StatResp also supports the detection of outliers among clusters. Spatial clustering is done in StatResp on the basis of a set of static features specified by the user. Static features can be thought of as covariates that stay relatively constant over time. For example, the number of lanes on a roadway segment does not usually change. See the section on clustering to know how static features are used to cluster different spatial units together. However, despite exhibiting similar static features, units can have different arrival distributions for incidents. StatResp has a module for outlier detection, that aims to detect outliers within clusters.

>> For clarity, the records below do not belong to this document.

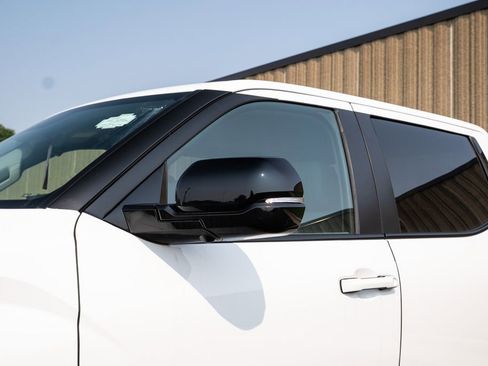 New 2024 Toyota Tundra Limited w/ TRD Off-Road Package image 9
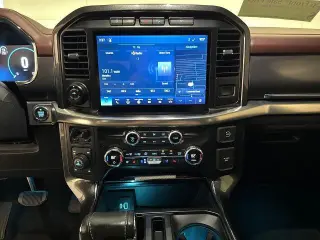 Ford F-150 2021 4x4 Lariat 4dr SuperCrew 5.5 ft. SB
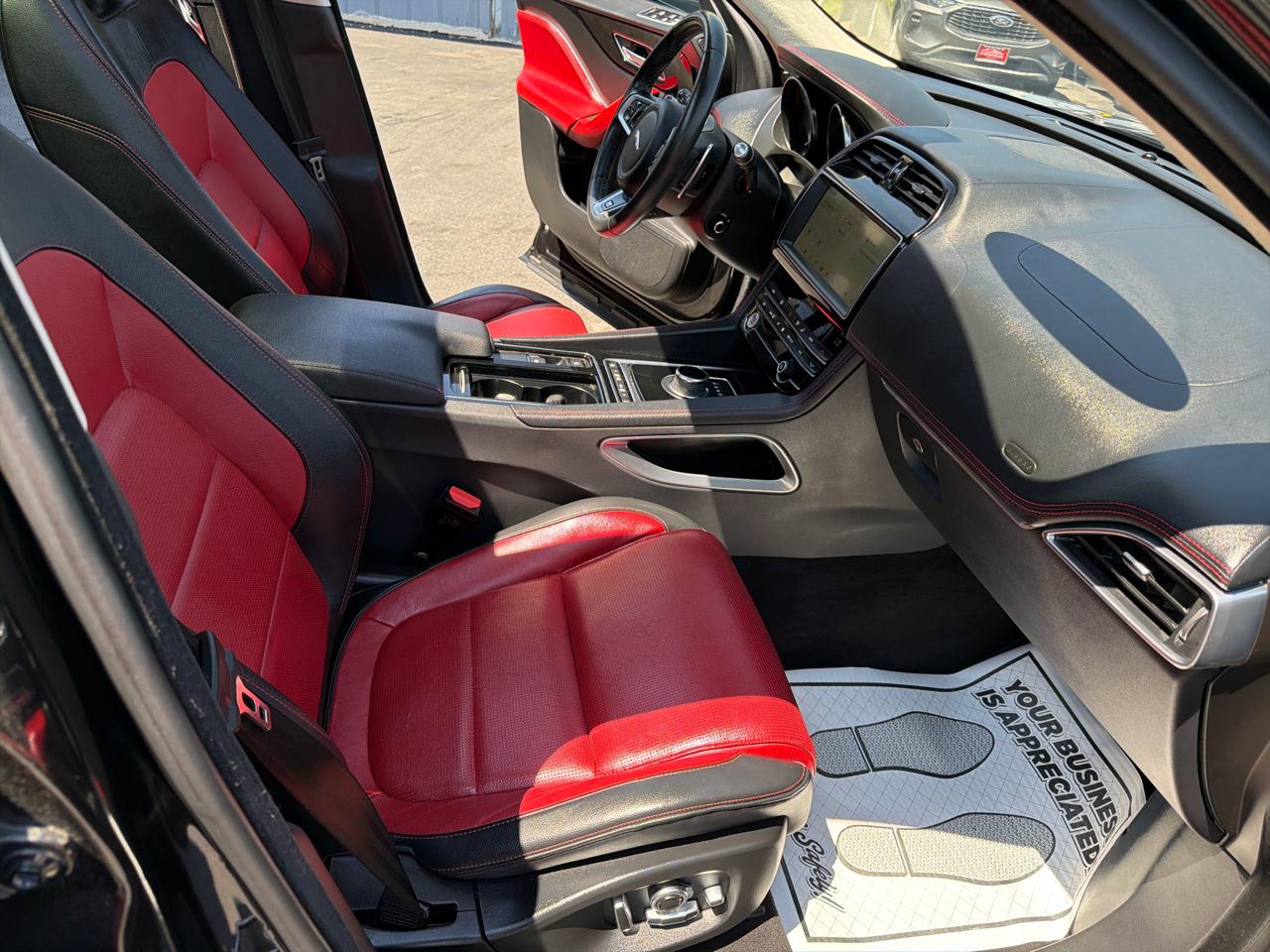 Jaguar F-Pace 25t R-Sport AWD 2020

There are different methods to detect outliers given the distribution $f$ and data $D$. The simplest approach is to create an empirical distribution using $X$ (observed counts, for example), and then select units that are some predefined distance away from the mean. However, this ignores the feature space entirely. As a result, the following procedure is adopted to detect outliers.

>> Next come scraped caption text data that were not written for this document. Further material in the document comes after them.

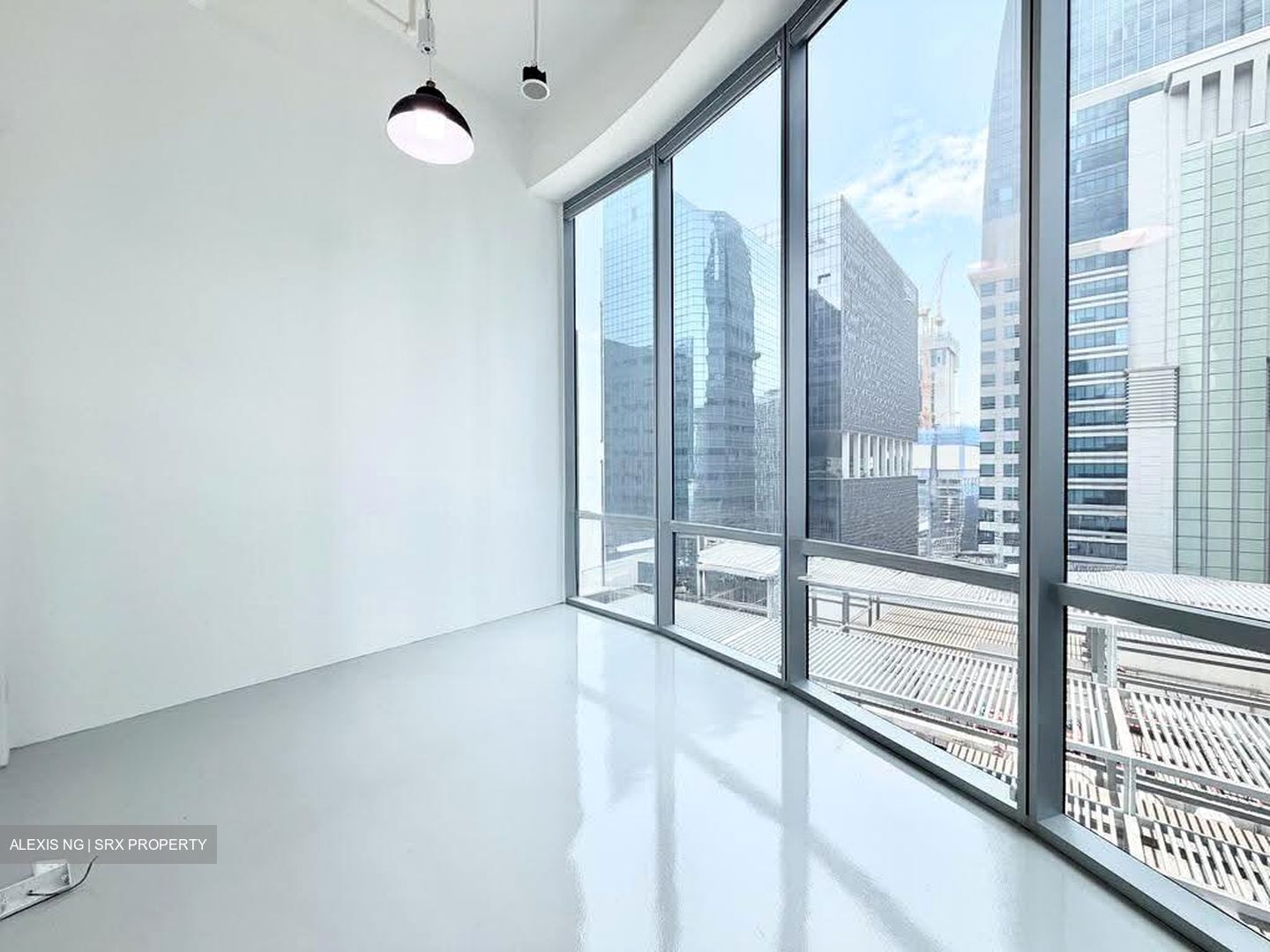 Oxley Tower (D1), Office #626846931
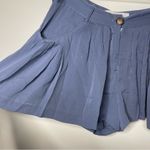 Thakoon 100% silk blue pleated shorts sz 4 Photo 2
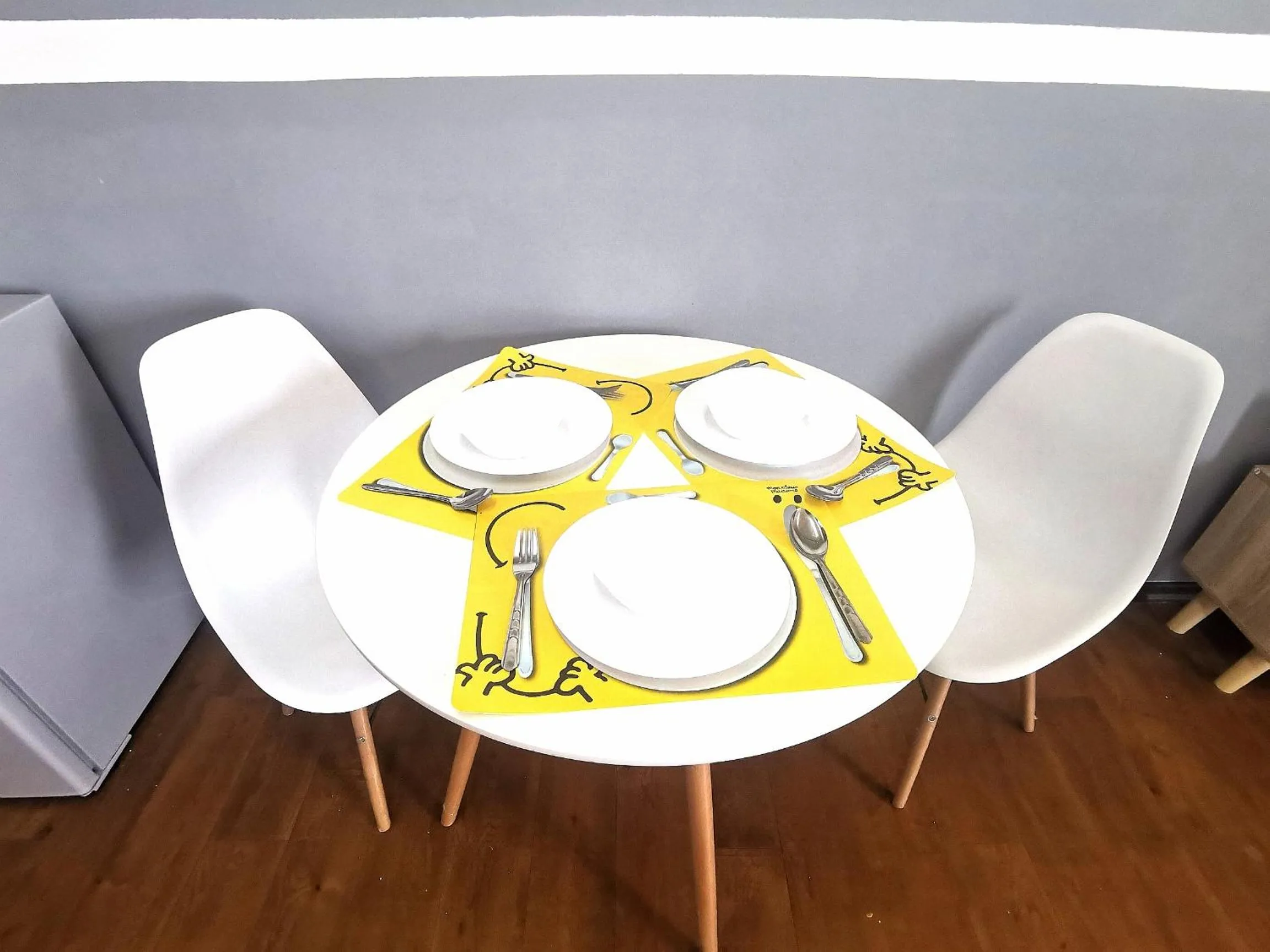 Dining area in A's House i-City 1-4pax Studio Netflix Wifi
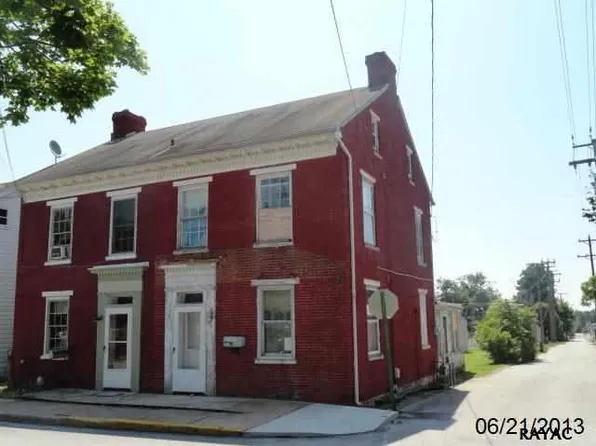 12 Butter Rd, Dover, PA 17315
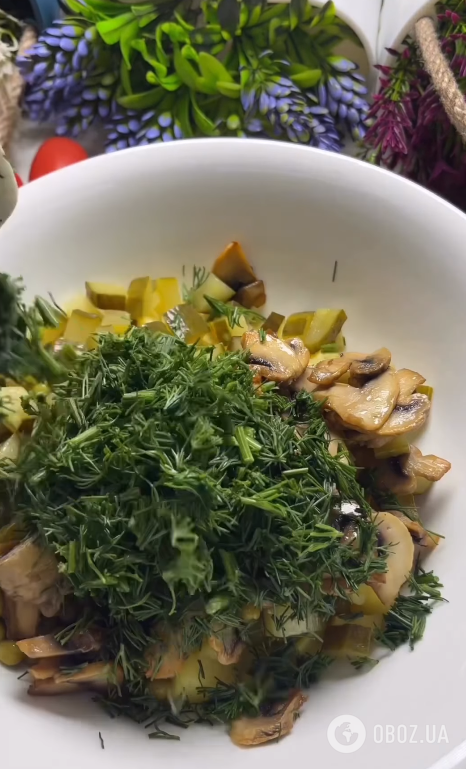 Постный салат с картофелем, грибами и горошком: получится очень сытно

  • A distribution $f$ and a clustering algorithm $A$ is specified by the user.
  • The feature set is divided into static and dynamic features, represented by $w_s$ and $w_d$ respectively. The categorization is given by the user.
  • Spatial units are clustered into $q$ clusters (say) by $A$. Let the $j$th cluster be denoted by $C_j$.
  • For a given cluster $C_i$, we look at each each unit $u_k \in C_i$, and calculate the mean density (or probabilistic mass) resulting from each observation from the said unit. This can be calculated as $$ m(u_{ik}) = \frac{\sum_{j=i}^{n}\unicode{x1D7D9}(x_j \in u_k)f(x_j|w)}{\sum_{j=i}^{n}\unicode{x1D7D9}(x_j \in u_k)(x_j)} $$
  • We then run the generalized extreme studentized deviate (ESD) test, which can be used to detect one or more outliers in a univariate data set that follows an approximately normal distribution. Note that for each cluster $C_i$, the elements of the vector $\{m(u_{i1}), m(u_{i2}) \dots\}$ follow a normal distribution in the limit since each observation is essentially the mean of a set of samples drawn from $f$.